Dataset items

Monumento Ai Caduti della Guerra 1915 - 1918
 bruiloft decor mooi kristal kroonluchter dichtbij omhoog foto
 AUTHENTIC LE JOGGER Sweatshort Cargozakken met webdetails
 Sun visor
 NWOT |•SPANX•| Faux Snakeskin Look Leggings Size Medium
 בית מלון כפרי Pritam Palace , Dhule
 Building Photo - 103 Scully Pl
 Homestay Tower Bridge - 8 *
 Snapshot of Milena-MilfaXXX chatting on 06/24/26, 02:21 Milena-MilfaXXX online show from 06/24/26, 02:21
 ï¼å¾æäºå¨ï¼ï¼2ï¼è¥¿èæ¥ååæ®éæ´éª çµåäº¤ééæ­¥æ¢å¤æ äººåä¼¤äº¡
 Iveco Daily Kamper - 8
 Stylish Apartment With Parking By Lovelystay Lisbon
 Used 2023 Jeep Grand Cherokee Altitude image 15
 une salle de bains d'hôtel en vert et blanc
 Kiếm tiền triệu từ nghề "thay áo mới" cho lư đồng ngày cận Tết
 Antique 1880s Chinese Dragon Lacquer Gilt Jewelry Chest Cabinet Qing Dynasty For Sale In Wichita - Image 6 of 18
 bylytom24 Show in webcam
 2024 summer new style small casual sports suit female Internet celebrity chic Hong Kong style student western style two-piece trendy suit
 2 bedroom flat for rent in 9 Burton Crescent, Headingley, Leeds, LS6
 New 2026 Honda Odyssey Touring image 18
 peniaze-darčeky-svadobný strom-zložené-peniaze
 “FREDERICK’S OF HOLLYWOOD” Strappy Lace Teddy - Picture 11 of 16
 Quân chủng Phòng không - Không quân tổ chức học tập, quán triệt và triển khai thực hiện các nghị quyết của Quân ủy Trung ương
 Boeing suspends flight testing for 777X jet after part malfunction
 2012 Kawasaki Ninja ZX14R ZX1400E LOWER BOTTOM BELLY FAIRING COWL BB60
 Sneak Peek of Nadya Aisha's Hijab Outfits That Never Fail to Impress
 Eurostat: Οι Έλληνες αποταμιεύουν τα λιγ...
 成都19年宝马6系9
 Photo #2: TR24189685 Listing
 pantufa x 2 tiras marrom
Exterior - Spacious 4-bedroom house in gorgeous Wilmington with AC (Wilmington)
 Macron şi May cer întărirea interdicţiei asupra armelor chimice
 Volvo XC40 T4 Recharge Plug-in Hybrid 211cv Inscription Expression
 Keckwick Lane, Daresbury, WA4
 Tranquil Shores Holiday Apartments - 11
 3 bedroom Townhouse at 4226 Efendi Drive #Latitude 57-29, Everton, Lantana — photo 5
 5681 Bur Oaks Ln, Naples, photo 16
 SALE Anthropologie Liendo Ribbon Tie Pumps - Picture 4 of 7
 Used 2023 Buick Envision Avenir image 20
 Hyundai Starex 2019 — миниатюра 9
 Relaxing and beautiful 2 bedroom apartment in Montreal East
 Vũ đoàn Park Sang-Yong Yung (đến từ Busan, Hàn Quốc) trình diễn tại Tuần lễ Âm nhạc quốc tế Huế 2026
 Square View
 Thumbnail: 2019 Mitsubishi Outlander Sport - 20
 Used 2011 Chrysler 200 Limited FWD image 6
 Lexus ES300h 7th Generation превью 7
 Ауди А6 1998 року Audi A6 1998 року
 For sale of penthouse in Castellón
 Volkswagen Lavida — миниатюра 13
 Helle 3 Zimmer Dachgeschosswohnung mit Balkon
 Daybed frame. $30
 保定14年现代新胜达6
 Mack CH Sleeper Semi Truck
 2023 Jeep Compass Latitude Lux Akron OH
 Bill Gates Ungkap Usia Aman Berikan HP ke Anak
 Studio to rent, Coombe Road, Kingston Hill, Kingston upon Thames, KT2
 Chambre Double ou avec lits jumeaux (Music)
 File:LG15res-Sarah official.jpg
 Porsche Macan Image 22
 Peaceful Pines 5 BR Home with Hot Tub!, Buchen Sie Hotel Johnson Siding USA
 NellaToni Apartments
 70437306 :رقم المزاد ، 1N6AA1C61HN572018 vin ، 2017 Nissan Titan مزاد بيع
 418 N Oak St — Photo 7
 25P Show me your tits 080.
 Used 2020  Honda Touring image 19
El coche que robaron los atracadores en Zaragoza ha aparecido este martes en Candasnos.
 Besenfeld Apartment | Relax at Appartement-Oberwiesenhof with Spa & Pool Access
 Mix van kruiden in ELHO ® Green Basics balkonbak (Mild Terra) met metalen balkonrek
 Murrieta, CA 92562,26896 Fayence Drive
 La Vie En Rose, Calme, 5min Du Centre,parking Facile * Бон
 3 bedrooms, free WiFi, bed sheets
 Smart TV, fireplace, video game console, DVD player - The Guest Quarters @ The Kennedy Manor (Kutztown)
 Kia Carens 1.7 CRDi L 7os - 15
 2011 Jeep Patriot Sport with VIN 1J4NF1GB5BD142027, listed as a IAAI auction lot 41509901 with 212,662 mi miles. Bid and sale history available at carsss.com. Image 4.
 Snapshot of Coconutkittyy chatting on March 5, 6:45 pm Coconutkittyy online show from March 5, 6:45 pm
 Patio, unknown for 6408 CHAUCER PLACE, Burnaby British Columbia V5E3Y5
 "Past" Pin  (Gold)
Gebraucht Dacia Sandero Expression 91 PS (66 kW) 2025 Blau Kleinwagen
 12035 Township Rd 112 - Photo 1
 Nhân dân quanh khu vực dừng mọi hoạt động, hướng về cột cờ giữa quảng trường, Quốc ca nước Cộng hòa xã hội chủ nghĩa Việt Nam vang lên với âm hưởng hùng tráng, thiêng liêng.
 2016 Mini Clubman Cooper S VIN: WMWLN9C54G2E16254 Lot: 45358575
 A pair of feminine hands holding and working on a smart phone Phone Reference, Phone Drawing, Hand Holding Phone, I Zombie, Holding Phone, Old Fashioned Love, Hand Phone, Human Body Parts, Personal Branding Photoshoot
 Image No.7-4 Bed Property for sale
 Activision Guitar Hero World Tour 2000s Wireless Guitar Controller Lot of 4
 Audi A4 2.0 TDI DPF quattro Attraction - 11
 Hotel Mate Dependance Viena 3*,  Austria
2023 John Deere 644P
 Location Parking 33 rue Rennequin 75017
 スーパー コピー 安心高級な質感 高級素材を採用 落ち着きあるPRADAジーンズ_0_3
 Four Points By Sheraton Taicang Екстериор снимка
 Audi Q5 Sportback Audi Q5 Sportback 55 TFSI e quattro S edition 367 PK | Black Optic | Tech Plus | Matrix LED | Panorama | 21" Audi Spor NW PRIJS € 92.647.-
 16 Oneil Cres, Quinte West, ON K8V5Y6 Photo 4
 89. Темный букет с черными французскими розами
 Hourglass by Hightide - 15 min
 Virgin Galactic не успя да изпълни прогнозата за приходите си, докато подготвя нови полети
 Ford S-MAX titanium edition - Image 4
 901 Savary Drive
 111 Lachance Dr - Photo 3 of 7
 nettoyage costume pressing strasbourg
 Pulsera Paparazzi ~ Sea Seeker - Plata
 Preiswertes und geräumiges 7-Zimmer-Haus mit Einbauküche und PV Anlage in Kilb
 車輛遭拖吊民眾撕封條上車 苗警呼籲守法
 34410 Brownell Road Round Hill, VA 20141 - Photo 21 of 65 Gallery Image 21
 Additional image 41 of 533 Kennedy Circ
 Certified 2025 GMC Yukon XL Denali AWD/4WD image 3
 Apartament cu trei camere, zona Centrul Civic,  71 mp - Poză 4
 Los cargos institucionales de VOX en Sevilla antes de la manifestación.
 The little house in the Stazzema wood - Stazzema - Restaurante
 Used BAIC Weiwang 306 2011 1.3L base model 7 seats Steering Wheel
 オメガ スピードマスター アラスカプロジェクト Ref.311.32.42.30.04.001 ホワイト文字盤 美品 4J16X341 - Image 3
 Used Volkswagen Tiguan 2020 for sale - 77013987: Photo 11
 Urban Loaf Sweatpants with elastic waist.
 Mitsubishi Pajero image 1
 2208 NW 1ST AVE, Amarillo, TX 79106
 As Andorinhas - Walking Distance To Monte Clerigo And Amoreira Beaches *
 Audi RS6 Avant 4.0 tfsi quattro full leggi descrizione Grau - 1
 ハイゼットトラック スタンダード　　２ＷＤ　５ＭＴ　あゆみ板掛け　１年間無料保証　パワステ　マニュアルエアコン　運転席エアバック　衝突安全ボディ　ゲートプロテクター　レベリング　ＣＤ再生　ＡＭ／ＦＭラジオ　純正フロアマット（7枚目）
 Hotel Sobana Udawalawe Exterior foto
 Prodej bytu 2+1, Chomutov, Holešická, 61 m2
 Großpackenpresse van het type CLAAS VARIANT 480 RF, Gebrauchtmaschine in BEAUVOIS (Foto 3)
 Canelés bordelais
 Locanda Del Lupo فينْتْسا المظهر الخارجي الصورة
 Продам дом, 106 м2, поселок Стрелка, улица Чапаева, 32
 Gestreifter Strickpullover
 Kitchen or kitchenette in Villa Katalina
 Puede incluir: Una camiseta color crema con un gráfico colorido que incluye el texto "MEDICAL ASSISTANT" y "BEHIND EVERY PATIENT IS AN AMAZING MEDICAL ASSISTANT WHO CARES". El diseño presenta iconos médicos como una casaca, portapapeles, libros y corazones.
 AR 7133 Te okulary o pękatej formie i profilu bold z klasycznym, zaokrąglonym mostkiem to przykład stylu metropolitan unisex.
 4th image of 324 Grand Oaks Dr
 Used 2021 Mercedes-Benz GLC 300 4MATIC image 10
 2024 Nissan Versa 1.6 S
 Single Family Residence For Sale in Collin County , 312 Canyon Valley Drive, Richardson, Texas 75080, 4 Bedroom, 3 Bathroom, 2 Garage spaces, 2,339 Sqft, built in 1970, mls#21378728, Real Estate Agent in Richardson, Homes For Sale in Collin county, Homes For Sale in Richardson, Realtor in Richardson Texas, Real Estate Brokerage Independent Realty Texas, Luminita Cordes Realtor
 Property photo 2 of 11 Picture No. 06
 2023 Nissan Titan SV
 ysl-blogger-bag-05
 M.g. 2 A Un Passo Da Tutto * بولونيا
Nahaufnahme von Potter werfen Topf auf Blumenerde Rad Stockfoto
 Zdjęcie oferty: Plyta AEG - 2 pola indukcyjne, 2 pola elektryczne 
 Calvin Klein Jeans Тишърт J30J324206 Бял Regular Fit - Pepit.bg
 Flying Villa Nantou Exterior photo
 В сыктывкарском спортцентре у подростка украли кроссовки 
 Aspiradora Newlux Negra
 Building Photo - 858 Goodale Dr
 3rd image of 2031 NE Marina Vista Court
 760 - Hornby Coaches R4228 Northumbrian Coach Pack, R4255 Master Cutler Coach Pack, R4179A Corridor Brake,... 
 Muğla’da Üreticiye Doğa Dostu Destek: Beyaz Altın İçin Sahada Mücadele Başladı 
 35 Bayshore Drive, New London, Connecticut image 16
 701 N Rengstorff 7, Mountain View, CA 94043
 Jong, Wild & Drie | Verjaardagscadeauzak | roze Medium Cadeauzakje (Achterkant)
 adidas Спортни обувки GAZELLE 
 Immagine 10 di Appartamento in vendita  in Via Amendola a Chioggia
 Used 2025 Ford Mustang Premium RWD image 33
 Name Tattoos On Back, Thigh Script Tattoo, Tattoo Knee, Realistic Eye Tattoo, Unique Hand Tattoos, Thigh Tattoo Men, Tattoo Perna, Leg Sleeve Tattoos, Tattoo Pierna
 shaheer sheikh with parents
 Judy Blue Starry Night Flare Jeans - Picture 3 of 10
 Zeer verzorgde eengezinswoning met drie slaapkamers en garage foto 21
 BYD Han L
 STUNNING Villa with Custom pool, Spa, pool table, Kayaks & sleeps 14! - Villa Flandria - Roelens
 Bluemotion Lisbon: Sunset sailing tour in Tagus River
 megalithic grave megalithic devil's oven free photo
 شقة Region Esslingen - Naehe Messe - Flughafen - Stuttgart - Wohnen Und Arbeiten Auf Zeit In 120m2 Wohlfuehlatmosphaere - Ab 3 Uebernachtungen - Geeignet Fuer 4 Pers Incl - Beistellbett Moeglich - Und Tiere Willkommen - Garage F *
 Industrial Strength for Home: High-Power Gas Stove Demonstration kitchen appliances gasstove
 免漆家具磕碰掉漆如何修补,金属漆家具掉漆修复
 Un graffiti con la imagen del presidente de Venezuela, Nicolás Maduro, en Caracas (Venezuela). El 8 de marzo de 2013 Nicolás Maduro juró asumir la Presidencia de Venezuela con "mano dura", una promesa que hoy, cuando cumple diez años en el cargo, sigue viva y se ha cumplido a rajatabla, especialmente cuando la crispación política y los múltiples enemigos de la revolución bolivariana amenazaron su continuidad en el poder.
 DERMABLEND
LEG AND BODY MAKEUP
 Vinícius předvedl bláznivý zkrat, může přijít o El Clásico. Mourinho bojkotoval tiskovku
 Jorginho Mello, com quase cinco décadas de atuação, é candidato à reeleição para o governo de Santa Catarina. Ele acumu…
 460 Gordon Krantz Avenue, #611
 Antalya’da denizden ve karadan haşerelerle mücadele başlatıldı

THE PROBLEM —
Above are the records; report how many of their lines hold the string "Touring", with no other words.

WRITTEN ANSWER —
2